Something to take into consideration is worm load and parasites. I knew of someone who did what your considering. Her rabbits ended up dieing from a botfly infestation. Also a goat could step on young rabbits, some might even fuss with older rabbits. Its probably not a good idea.


----------



## RiverPines (Dec 12, 2006)

Having a 'completely' enclose goat proof rabbit pen may work. But goat proofing would have to be the top priority. It would have to have something over the top that can hold the weight of a goat if one manages to climb or jump up there.

They will smell those yummy rabbit dishes with food and they wont give up trying to get in there. Goats cant resist rabbit food.
They are also curious and that too will get them trying to get in there.

The rabbits wont have peace nor food if the goats can get in.

And there will be a risk of a rabbit accidentally getting stepped on. It doesnt take much to fatally injure a rabbit and hooves are almost guaranteed to do just that.

Not a good idea.

If your going to build something goat proof you may as well just build it outside of the goat area.


----------



## rodney757 (May 12, 2010)

Thanks. I guess it would just be better to build something outside the goat pen. 

How high should the fence be so the rabbits can't climb out?


----------



## RiverPines (Dec 12, 2006)

rodney757 said:


> Thanks. I guess it would just be better to build something outside the goat pen.
> 
> How high should the fence be so the rabbits can't climb out?


When I had standard size rex and satins I needed a 5 ft. fence.
Also I had to lay fencing flat under the surface of the ground. They can dig in the middle of the pen and work their way very deep and out! They can tunnel quite aways if they want to.

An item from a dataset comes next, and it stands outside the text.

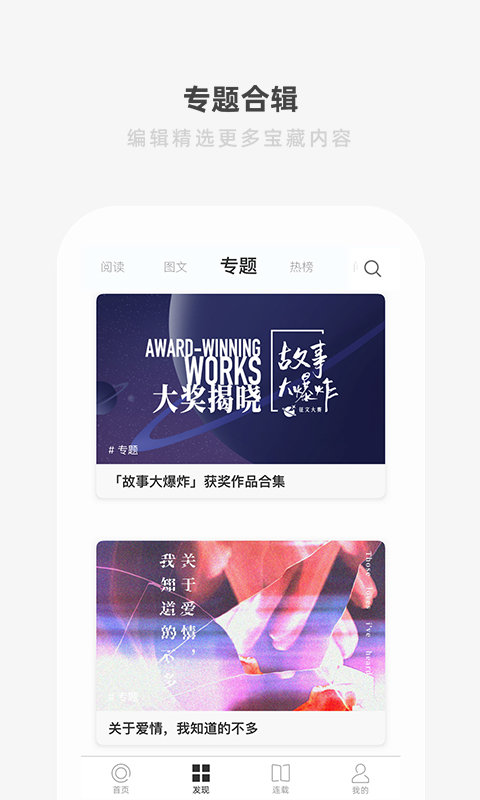 one一个就够了 v5.3.5 安卓最新版 1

Remember with nothing over it there is a risk of *****, owls, weasels and such getting in and killing the rabbits. Many predators love rabbit for dinner.


----------



## rodney757 (May 12, 2010)

Do you think if I had wire fence up 2' and then electric strands above the wire placed 6" apart would keep them in?


----------



## RiverPines (Dec 12, 2006)

rodney757 said:


> Do you think if I had wire fence up 2' and then electric strands above the wire placed 6" apart would keep them in?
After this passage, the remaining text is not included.